Studies have shown that for nearly 20% to 40% of patients with esophageal squamous cell carcinoma (ESCC) who undergo esophagectomy, lymph node (LN) metastasis develops along the recurrent laryngeal nerve (RLN).1,2,3 Another study has shown that not only ESCC but also esophageal adenocarcinoma with long esophageal involvement has a high rate of LN metastasis along the RLN.4 Thus, LN dissection along the RLN can be expected to improve clinical outcomes in both ESCC and esophageal adenocarcinoma.2,4,5

During the past 15 years, minimally invasive esophagectomy (MIE) with thoracoscopy performed with the patient in the prone position has received worldwide consideration, with expectations of decreased invasiveness.6,7 Accordingly, a few novel techniques for lymphadenectomy along the RLN for MIE have been developed and are reported to reduce RLN palsy.8,9,10,11 Studies have shown that RLN palsy is strongly associated with pneumonia, which is an independent prognostic factor after esophagectomy for esophageal carcinoma.12,13 Thus, prevention of RLN palsy is quite important.

As a next step for MIE, robot-assisted MIE (RAMIE) is expected to provide a finer procedure due to its articulated arms than conventional MIE (C-MIE). Indeed, results from the multicenter international registry indicate a high-quality RAMIE. However, more optimal approach should be defined.14 Considering the shallow learning curve for RAMIE, a novel procedure for lymphadenectomy along the RLN during RAMIE is needed to decrease RLN palsy rates.15,16

This study aimed to determine a new concept and procedure for RAMIE. Based on a logical and simple understanding of the left upper mediastinum anatomy, we developed a novel “modified bascule method” for RAMIE that could simplify lymphadenectomy along the left RLN, leading to lower palsy rates.

Patients and Methods

Patient Population

This study retrospectively analyzed a cohort of patients with esophageal carcinoma who underwent robot-assisted minimally invasive McKeown esophagectomy at Kobe University between 2018 and 2020.17 At our institution, as a common practice, all surgical candidates with esophageal carcinoma undergo C-MIE or RAMIE in the prone position.

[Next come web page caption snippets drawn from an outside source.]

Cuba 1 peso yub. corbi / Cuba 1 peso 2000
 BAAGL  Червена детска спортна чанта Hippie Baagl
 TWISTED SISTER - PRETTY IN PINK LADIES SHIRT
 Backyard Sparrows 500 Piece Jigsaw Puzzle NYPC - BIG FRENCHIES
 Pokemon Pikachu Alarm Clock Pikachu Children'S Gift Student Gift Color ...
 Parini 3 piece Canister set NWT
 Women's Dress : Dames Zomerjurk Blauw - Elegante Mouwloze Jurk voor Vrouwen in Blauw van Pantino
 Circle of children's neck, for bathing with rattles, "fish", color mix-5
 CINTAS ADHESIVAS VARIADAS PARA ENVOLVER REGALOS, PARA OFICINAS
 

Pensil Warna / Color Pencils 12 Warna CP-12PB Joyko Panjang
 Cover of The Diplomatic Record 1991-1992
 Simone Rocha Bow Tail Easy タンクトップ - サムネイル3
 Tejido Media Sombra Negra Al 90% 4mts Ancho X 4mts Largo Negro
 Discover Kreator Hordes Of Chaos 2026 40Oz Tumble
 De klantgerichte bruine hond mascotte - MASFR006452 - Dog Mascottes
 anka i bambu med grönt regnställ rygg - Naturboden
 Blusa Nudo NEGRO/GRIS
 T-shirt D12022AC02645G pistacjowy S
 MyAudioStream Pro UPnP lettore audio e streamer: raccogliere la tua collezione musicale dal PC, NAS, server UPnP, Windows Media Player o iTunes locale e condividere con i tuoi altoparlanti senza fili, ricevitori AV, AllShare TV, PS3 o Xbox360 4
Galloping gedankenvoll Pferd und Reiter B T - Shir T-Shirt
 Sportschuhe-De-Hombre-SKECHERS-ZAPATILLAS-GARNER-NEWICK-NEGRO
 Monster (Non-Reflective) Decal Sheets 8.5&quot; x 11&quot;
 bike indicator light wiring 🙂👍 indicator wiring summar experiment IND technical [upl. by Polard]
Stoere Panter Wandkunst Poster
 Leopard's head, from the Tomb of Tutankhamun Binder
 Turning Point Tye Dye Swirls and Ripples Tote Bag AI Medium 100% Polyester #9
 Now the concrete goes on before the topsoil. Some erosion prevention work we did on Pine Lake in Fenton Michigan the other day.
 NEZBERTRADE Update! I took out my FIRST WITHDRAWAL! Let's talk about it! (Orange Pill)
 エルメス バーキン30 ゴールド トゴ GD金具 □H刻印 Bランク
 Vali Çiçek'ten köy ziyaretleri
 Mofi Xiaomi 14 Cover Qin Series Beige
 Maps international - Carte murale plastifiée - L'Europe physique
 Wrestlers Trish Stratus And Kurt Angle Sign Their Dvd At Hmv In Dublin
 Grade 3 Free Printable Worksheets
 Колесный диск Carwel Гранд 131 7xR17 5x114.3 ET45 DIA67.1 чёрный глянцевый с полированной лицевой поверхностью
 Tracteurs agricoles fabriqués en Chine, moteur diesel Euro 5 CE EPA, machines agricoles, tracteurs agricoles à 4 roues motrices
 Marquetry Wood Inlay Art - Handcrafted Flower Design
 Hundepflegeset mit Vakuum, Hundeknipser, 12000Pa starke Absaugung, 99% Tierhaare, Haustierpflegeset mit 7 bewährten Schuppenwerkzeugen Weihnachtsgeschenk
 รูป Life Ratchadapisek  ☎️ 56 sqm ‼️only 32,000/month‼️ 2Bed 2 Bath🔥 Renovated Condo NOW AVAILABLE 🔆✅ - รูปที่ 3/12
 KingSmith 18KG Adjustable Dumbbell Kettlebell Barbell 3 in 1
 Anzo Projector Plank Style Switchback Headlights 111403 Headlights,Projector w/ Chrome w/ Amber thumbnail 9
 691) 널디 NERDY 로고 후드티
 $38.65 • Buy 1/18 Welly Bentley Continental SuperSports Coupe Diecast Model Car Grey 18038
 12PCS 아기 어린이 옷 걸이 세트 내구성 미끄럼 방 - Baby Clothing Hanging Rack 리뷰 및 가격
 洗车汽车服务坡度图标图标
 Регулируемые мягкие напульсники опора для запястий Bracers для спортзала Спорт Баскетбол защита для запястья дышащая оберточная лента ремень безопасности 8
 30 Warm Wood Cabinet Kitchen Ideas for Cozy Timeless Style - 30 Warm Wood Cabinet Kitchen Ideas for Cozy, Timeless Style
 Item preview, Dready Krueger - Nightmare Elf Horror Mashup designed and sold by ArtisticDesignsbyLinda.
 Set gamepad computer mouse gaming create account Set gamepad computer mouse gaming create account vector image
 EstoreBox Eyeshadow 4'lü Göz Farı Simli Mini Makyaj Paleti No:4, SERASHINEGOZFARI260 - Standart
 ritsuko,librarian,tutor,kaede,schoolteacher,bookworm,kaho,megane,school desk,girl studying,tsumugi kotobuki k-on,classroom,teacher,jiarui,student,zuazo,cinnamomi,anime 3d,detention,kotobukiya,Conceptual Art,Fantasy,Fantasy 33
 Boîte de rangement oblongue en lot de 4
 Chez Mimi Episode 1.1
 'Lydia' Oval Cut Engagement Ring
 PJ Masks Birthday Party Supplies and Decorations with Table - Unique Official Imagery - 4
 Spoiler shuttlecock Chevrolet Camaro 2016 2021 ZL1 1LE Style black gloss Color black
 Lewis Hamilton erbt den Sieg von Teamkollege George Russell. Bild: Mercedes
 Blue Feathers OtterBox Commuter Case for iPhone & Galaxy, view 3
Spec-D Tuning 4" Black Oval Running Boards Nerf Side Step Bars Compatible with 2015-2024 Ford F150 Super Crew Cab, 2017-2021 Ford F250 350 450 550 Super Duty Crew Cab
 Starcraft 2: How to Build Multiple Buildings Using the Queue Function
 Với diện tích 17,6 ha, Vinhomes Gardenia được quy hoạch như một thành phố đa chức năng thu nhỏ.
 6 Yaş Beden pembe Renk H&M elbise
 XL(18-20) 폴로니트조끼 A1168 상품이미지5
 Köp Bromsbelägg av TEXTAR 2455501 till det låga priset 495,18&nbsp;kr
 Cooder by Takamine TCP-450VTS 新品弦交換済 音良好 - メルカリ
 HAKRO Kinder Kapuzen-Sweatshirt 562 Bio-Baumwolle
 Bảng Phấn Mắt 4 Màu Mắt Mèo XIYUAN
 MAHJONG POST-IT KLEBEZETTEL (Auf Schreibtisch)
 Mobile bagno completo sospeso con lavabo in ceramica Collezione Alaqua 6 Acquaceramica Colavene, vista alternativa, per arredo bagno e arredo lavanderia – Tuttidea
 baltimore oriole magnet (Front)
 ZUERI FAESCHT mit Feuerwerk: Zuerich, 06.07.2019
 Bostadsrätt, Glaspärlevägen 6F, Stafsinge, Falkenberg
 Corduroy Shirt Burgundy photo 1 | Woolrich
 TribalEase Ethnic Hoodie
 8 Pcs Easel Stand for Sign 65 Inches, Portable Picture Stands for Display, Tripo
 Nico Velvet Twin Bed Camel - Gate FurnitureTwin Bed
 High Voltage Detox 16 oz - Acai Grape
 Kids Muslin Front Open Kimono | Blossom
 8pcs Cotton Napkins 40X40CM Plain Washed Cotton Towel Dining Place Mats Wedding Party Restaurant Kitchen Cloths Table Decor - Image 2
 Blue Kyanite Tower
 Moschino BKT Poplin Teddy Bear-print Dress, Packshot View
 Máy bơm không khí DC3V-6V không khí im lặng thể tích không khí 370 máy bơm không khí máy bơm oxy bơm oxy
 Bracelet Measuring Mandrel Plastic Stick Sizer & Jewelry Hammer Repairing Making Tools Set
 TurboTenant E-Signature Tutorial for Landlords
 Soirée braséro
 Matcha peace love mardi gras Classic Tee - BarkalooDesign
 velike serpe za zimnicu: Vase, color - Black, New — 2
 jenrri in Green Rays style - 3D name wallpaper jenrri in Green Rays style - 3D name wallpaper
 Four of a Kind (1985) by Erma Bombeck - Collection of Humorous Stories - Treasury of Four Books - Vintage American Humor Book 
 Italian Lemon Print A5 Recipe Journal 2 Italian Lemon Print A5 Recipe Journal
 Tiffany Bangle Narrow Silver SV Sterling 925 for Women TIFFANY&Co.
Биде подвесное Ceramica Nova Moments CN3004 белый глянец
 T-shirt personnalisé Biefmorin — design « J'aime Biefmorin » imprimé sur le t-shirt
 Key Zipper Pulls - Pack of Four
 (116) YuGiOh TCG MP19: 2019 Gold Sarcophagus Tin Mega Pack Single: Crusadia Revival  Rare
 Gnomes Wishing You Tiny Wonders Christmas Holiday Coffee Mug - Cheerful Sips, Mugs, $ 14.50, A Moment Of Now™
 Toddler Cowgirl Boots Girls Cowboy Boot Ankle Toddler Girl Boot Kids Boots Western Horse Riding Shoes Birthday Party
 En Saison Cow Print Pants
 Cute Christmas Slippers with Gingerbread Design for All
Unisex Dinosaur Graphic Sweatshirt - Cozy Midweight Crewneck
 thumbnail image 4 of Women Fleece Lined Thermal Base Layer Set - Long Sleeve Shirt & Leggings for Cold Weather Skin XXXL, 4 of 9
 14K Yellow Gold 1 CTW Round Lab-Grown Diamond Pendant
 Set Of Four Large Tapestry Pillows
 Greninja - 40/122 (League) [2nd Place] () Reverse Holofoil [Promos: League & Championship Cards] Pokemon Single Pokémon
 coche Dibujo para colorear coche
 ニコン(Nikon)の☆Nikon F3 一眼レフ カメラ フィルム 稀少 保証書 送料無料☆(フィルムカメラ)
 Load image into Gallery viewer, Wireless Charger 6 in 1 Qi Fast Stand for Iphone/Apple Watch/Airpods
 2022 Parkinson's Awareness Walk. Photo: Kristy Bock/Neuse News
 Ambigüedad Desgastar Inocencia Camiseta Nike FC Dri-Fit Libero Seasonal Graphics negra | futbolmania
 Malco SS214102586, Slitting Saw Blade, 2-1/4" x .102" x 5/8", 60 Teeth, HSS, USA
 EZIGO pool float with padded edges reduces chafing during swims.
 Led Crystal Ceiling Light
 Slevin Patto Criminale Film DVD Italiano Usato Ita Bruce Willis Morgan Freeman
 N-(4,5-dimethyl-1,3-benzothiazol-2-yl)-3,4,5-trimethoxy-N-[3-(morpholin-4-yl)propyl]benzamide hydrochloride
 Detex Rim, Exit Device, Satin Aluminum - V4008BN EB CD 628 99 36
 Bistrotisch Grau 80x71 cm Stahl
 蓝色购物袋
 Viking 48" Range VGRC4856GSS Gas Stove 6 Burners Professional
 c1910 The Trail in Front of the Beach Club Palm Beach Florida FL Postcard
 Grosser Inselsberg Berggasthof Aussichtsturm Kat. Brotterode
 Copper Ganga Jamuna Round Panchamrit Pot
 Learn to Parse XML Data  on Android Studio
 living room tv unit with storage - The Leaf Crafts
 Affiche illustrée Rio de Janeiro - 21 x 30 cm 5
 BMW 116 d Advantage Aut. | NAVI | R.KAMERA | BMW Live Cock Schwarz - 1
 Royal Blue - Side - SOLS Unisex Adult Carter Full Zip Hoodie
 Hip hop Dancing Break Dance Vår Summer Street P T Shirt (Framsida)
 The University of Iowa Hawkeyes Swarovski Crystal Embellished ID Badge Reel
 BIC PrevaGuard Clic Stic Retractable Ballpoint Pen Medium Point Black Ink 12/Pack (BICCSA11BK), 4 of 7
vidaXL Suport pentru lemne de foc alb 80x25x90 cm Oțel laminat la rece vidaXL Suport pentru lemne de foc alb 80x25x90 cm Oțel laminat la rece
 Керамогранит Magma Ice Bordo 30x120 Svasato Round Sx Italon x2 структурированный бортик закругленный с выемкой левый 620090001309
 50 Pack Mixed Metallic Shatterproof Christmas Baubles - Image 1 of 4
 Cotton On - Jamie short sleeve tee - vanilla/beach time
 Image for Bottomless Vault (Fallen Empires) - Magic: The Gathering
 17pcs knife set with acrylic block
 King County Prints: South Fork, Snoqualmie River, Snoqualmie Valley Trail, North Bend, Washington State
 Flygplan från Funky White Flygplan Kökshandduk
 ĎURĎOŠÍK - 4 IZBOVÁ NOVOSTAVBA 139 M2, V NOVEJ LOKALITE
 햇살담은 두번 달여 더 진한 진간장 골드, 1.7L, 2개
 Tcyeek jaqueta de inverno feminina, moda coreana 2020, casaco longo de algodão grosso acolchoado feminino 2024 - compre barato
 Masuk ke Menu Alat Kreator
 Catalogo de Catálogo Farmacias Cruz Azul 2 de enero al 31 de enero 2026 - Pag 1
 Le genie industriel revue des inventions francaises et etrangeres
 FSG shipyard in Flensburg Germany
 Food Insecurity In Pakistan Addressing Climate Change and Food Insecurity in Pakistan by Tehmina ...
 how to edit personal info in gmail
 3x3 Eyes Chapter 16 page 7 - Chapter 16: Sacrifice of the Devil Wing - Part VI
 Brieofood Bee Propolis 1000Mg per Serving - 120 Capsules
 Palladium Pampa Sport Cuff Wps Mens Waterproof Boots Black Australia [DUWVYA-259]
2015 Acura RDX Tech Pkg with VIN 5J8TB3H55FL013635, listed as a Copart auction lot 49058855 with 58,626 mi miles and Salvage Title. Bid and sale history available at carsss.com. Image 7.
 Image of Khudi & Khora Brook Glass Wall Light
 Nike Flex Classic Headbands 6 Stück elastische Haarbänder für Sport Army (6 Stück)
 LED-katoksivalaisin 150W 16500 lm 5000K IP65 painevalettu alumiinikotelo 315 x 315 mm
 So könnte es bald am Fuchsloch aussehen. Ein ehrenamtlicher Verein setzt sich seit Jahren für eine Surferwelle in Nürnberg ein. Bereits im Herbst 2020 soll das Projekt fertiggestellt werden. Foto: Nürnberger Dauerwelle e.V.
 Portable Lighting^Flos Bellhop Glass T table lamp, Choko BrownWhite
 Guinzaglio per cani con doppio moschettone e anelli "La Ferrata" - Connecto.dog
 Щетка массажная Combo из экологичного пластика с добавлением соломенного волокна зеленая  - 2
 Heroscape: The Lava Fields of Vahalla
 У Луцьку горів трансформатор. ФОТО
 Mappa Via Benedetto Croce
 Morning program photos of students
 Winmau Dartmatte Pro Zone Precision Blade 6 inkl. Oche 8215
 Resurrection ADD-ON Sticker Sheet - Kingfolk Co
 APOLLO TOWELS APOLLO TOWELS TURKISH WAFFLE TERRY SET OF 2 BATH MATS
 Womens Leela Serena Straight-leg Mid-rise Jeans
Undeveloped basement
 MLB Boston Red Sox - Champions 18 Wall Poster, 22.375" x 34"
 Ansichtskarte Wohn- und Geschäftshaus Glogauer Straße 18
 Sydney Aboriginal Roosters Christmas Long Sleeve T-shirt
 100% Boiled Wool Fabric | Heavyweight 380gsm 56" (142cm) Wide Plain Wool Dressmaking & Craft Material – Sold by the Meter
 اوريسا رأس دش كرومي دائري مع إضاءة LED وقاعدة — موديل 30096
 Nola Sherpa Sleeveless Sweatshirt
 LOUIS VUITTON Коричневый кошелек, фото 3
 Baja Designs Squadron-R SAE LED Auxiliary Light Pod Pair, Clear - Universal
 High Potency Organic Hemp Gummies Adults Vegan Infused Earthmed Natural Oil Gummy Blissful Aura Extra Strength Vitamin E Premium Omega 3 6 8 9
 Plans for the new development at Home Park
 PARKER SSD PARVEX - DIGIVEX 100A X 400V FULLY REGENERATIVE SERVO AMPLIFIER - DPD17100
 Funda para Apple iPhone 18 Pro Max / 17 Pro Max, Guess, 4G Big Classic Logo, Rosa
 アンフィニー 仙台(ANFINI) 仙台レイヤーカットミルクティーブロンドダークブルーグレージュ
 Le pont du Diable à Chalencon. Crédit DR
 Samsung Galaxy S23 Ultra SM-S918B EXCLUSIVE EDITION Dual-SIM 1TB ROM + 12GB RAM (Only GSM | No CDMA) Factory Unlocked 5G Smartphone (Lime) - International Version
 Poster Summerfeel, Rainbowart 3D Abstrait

In this study, the diagnosis of esophageal carcinoma was based on the eighth edition of the Union for International Cancer Control (UICC) tumor-node-metastasis cancer staging system.18 Preoperative chemoradiotherapy was not provided. The inclusion criteria specified patients 18 to 85 years old with cT1–3 or cN0–3 disease18 who had undergone upper mediastinal lymphadenectomy, simultaneous esophagectomy, and reconstruction.

A neck procedure around the trachea and left RLN via the cervical wound had been performed in both two- and three-field lymphadenectomies. Three-field lymphadenectomy included the additional dissection of clinically positive supraclavicular LNs.

All data were extracted from a prospectively registered database. This study was approved by the Institutional Review Board and the Ethics Committee of Kobe University.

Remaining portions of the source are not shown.